*** Opening MATERIAL FOR THIS EXERCISE ***

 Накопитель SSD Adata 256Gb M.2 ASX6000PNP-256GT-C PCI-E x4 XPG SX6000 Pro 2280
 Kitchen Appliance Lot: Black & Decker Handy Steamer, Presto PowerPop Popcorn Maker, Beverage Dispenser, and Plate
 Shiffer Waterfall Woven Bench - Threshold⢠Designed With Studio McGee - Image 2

*** Closing MATERIAL FOR THIS EXERCISE ***
*** Opening MATERIAL FOR THIS EXERCISE ***

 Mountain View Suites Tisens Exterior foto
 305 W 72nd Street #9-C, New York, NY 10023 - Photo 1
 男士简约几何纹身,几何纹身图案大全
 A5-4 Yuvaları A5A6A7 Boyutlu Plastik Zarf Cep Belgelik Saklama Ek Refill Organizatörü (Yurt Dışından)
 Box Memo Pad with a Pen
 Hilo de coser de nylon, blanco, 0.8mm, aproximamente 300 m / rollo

*** Closing MATERIAL FOR THIS EXERCISE ***

EXERCISE OBJECTIVE – From the line that has "Накопитель SSD Adata" through the line that has "Shiffer Waterfall Woven", copy every line exactly as it appears above, and leave out all others.

SOLUTION TO THIS PROBLEM –
 Накопитель SSD Adata 256Gb M.2 ASX6000PNP-256GT-C PCI-E x4 XPG SX6000 Pro 2280
 Kitchen Appliance Lot: Black & Decker Handy Steamer, Presto PowerPop Popcorn Maker, Beverage Dispenser, and Plate
 Shiffer Waterfall Woven Bench - Threshold⢠Designed With Studio McGee - Image 2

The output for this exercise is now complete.